◆ YOUR GOAL
Each line of the data must be given back verbatim, with pictures removed.

◆ DATA EXCERPT
▼

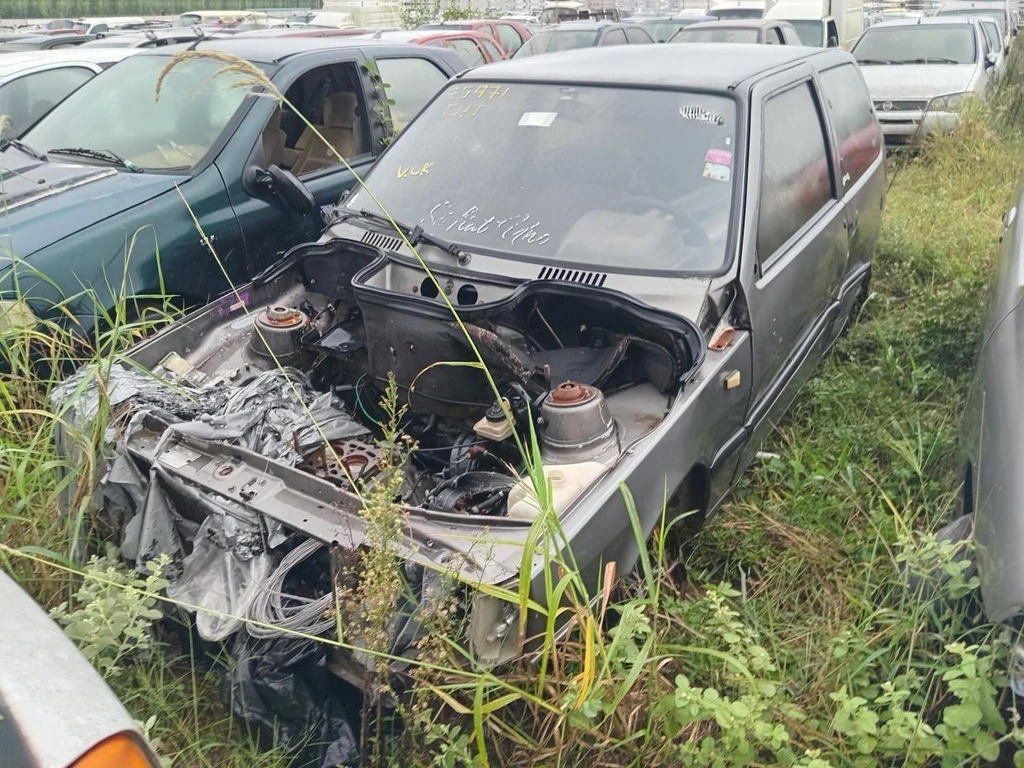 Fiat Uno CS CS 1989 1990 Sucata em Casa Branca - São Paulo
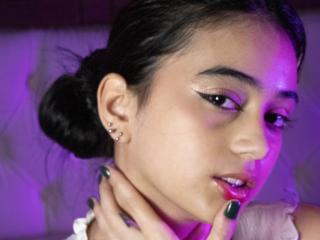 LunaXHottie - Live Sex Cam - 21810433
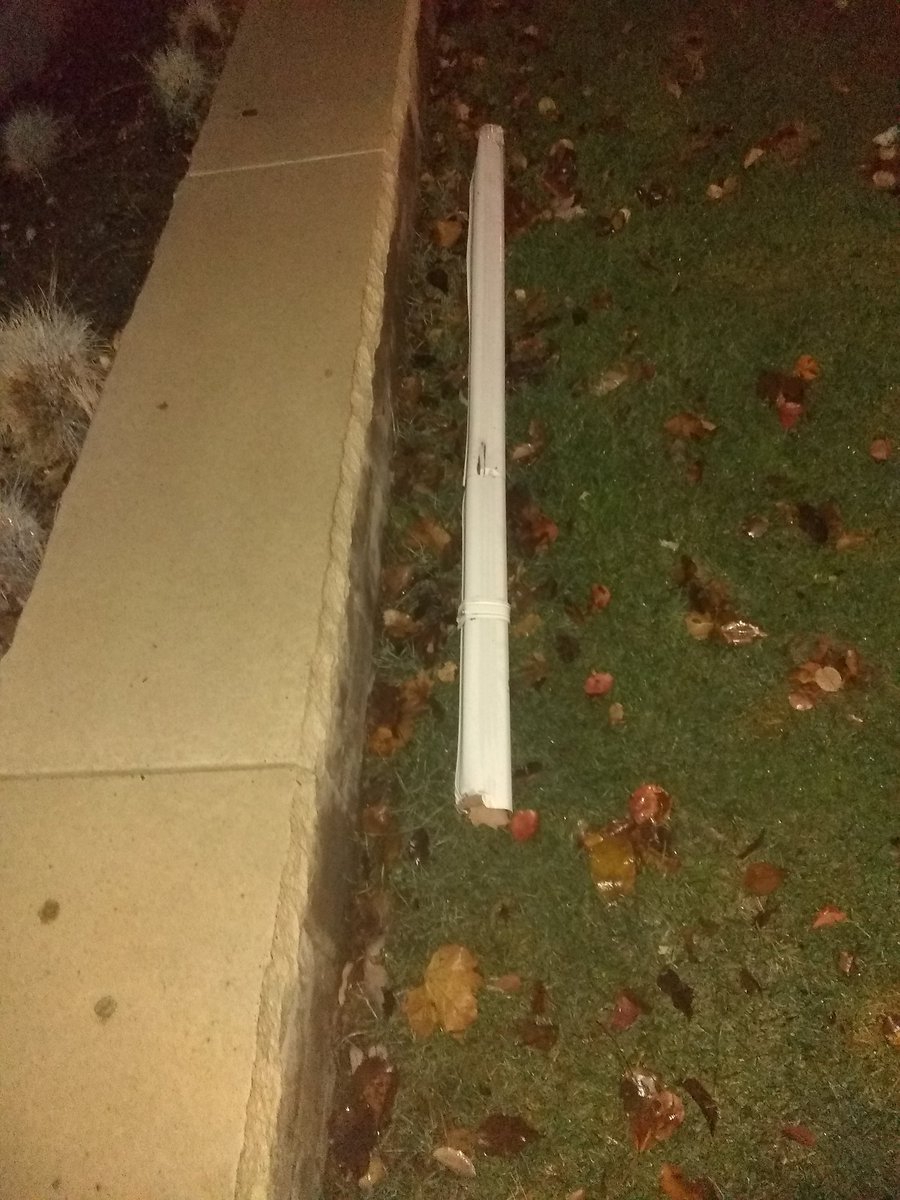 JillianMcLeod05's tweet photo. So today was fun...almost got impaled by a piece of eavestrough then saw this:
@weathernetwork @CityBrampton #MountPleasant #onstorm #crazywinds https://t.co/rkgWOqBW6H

▲

◆ RESULT OF THE EXERCISE
 Fiat Uno CS CS 1989 1990 Sucata em Casa Branca - São Paulo
 LunaXHottie - Live Sex Cam - 21810433
 JillianMcLeod05's tweet photo. So today was fun...almost got impaled by a piece of eavestrough then saw this:
@weathernetwork @CityBrampton #MountPleasant #onstorm #crazywinds https://t.co/rkgWOqBW6H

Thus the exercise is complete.